From: Vijay Marupudi <vijay@vijaymarupudi.com>
To: guile-devel@gnu.org
Subject: [PATCH] Enable utf8->string to take a range
Date: Thu, 20 Jan 2022 22:23:51 -0500 [thread overview]
Message-ID: <87h79x6abc.fsf@vijaymarupudi.com> (raw)
[-- Attachment #1: Type: text/plain, Size: 1288 bytes --]
Hello,
Attached is a patch that allows `utf8->string' to take
additional parameters indicating the start and end indicies of the
bytevector that it is converting.
This preserves backwards compatibility by adding the new functionality
to an `scm_utf8_to_string_range' function (open to any alternative name
suggestions) and letting the old `scm_utf8_to_string' function call it.
For my work, I am currently handling bytevectors with large strings
embedded as part of the bytevector. This patch would reduce the need for
spurious allocations and copying to convert part of a bytevector to a
string using pure Scheme. It would also make R7RS compatibility easier,
since the current compatibility module involves copies to a fresh
bytevector.
For example, from module/scheme/base.scm
> (define (%subbytevector bv start end)
> (define mlen (- end start))
> (define out (make-bytevector mlen))
> (bytevector-copy! bv start out 0 mlen)
> out)
>
> (define (%subbytevector1 bv start)
> (%subbytevector bv start (bytevector-length bv)))
>
> (define r7:utf8->string
> (case-lambda*
> ((bv) (utf8->string bv))
> ((bv start #:optional (end (bytevector-length bv)))
> (utf8->string (%subbytevector bv start end)))))
Would appreciate any thoughts and feedback.
~ Vijay
[-- Warning: decoded text below may be mangled, UTF-8 assumed --]
[-- Attachment #2: 0001-Enable-utf8-string-to-take-a-range.patch --]
[-- Type: text/x-patch, Size: 3635 bytes --]
From 695c2a6189458a292819df8fba659ea488dc0b4e Mon Sep 17 00:00:00 2001
From: Vijay Marupudi <vijay@vijaymarupudi.com>
Date: Thu, 20 Jan 2022 22:19:25 -0500
Subject: [PATCH] Enable utf8->string to take a range
Additionally, adds a scm_utf8_to_string_range function for access from
C.
---
doc/ref/api-data.texi | 3 ++-
libguile/bytevectors.c | 48 +++++++++++++++++++++++++++++++++++-------
libguile/bytevectors.h | 1 +
3 files changed, 43 insertions(+), 9 deletions(-)
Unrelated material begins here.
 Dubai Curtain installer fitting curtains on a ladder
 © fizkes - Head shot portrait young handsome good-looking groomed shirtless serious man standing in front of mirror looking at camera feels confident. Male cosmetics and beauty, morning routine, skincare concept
diff --git a/doc/ref/api-data.texi b/doc/ref/api-data.texi
index b6c2c4d61..1bdd1f7ed 100644
--- a/doc/ref/api-data.texi
+++ b/doc/ref/api-data.texi
@@ -7139,10 +7139,11 @@ UTF-32 (aka. UCS-4) encoding of @var{str}. For UTF-16 and UTF-32,
it defaults to big endian.
@end deffn
-@deffn {Scheme Procedure} utf8->string utf
+@deffn {Scheme Procedure} utf8->string utf [start [end]]
@deffnx {Scheme Procedure} utf16->string utf [endianness]
@deffnx {Scheme Procedure} utf32->string utf [endianness]
@deffnx {C Function} scm_utf8_to_string (utf)
+@deffnx {C Function} scm_utf8_to_string_range (utf, start, end)
@deffnx {C Function} scm_utf16_to_string (utf, endianness)
@deffnx {C Function} scm_utf32_to_string (utf, endianness)
Return a newly allocated string that contains from the UTF-8-, UTF-16-,
diff --git a/libguile/bytevectors.c b/libguile/bytevectors.c
index f42fbb427..44a062257 100644
--- a/libguile/bytevectors.c
+++ b/libguile/bytevectors.c
@@ -2094,27 +2094,59 @@ SCM_DEFINE (scm_string_to_utf32, "string->utf32",
return (str);
-SCM_DEFINE (scm_utf8_to_string, "utf8->string",
- 1, 0, 0,
- (SCM utf),
+SCM_DEFINE (scm_utf8_to_string_range, "utf8->string",
+ 1, 2, 0,
+ (SCM utf, SCM start, SCM end),
"Return a newly allocate string that contains from the UTF-8-"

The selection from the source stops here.